Instructions to follow: Write out all records as given; omit images.

Data for processing:
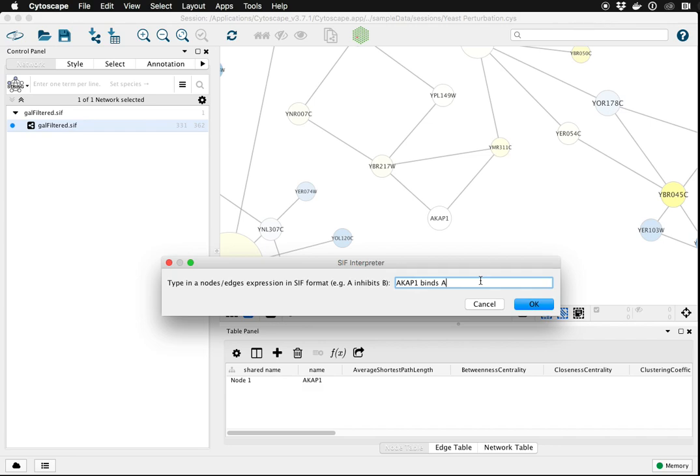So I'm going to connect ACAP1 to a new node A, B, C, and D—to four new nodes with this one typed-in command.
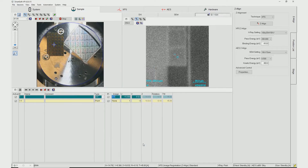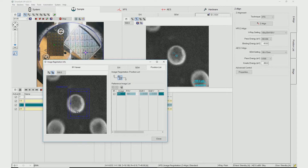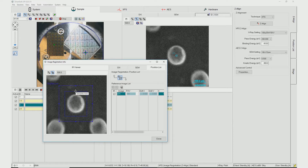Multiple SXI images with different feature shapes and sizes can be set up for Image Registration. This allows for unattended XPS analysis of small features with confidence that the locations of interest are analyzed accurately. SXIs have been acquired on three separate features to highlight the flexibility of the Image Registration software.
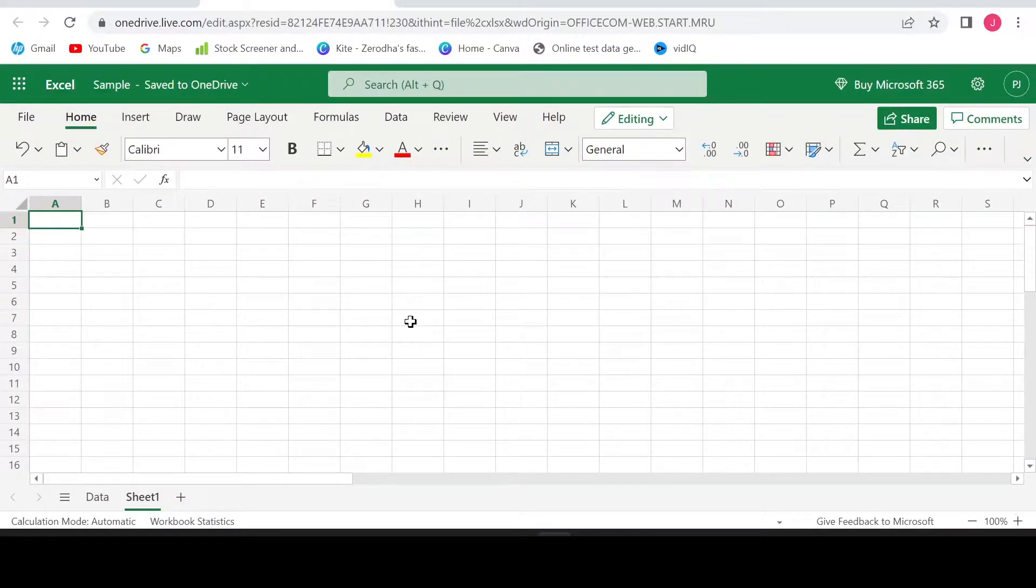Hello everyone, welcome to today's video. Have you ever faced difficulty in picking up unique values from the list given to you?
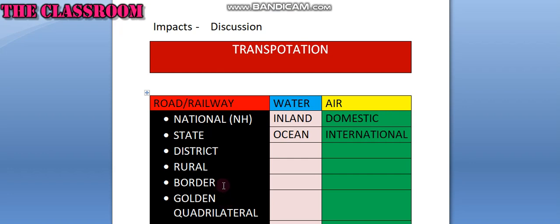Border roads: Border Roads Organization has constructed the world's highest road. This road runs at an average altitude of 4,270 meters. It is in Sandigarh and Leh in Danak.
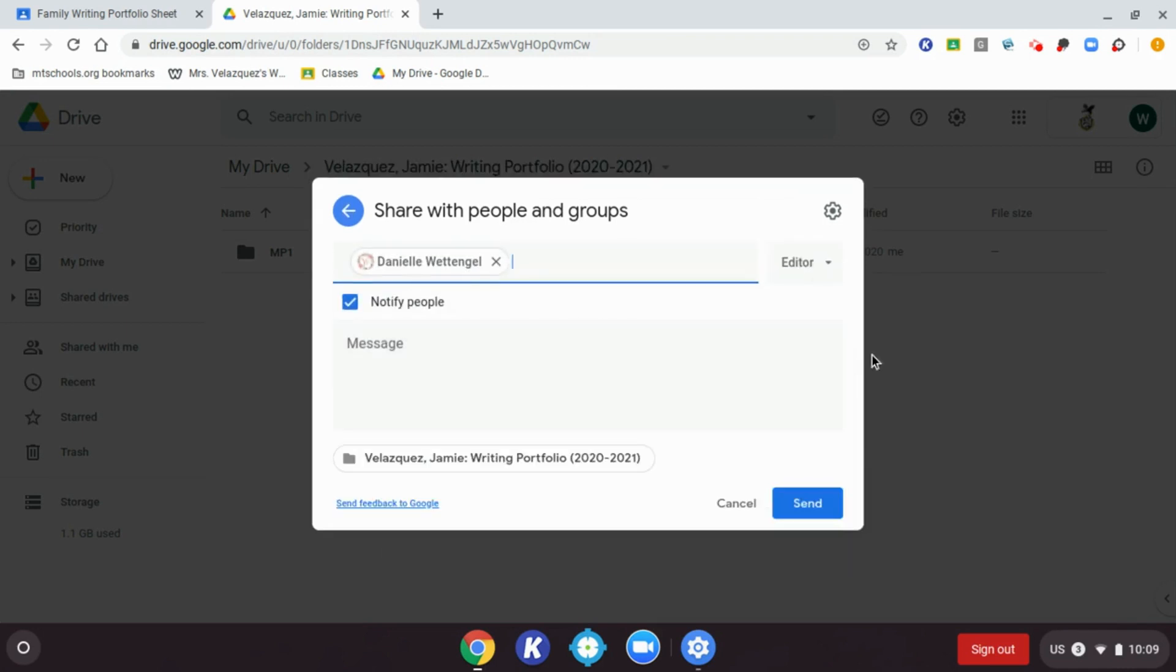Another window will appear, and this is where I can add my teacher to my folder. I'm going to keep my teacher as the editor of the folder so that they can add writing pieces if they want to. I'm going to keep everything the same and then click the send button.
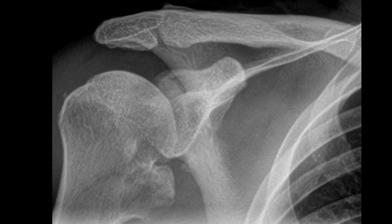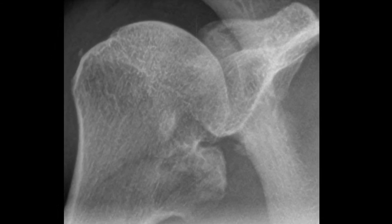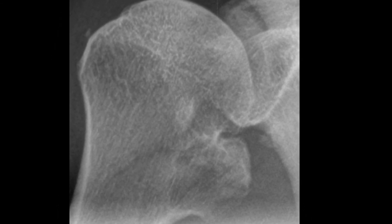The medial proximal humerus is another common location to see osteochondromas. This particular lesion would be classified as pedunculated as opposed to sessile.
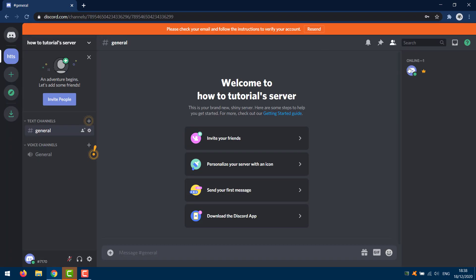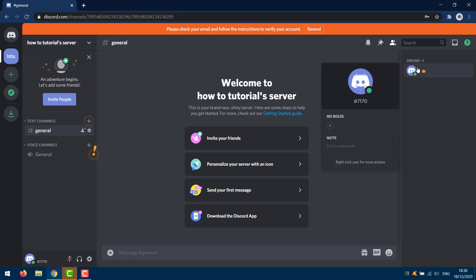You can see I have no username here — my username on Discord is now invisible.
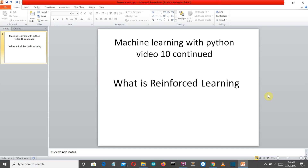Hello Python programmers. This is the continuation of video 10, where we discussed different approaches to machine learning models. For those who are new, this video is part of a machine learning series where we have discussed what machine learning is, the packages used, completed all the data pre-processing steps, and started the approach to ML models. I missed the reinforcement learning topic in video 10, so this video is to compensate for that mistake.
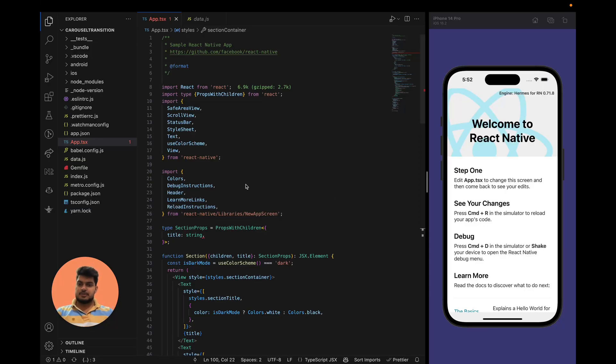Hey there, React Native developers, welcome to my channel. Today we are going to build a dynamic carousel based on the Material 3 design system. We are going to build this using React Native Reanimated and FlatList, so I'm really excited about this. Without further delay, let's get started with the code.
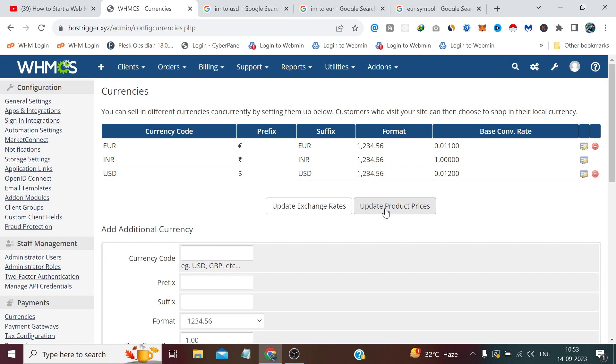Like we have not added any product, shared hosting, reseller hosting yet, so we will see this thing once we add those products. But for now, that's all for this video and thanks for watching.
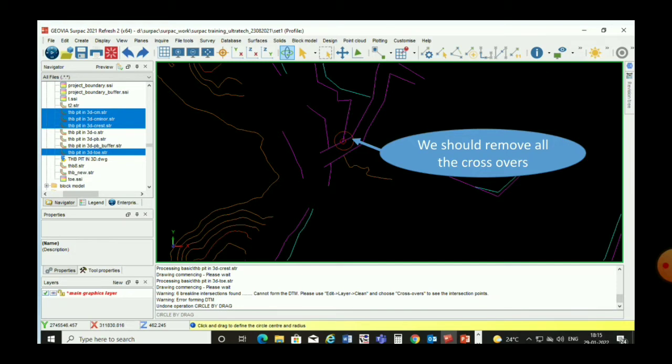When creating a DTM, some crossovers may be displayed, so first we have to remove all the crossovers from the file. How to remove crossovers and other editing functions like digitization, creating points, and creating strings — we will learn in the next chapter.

Solution for this task:
So I'm going to connect ACAP1 to a new node A, B, C, and D—to four new nodes with this one typed-in command.
Multiple SXI images with different feature shapes and sizes can be set up for Image Registration. This allows for unattended XPS analysis of small features with confidence that the locations of interest are analyzed accurately. SXIs have been acquired on three separate features to highlight the flexibility of the Image Registration software.
Hello everyone, welcome to today's video. Have you ever faced difficulty in picking up unique values from the list given to you?
Border roads: Border Roads Organization has constructed the world's highest road. This road runs at an average altitude of 4,270 meters. It is in Sandigarh and Leh in Danak.
Another window will appear, and this is where I can add my teacher to my folder. I'm going to keep my teacher as the editor of the folder so that they can add writing pieces if they want to. I'm going to keep everything the same and then click the send button.
The medial proximal humerus is another common location to see osteochondromas. This particular lesion would be classified as pedunculated as opposed to sessile.
You can see I have no username here — my username on Discord is now invisible.
Hello Python programmers. This is the continuation of video 10, where we discussed different approaches to machine learning models. For those who are new, this video is part of a machine learning series where we have discussed what machine learning is, the packages used, completed all the data pre-processing steps, and started the approach to ML models. I missed the reinforcement learning topic in video 10, so this video is to compensate for that mistake.
Hey there, React Native developers, welcome to my channel. Today we are going to build a dynamic carousel based on the Material 3 design system. We are going to build this using React Native Reanimated and FlatList, so I'm really excited about this. Without further delay, let's get started with the code.
Like we have not added any product, shared hosting, reseller hosting yet, so we will see this thing once we add those products. But for now, that's all for this video and thanks for watching.
When creating a DTM, some crossovers may be displayed, so first we have to remove all the crossovers from the file. How to remove crossovers and other editing functions like digitization, creating points, and creating strings — we will learn in the next chapter.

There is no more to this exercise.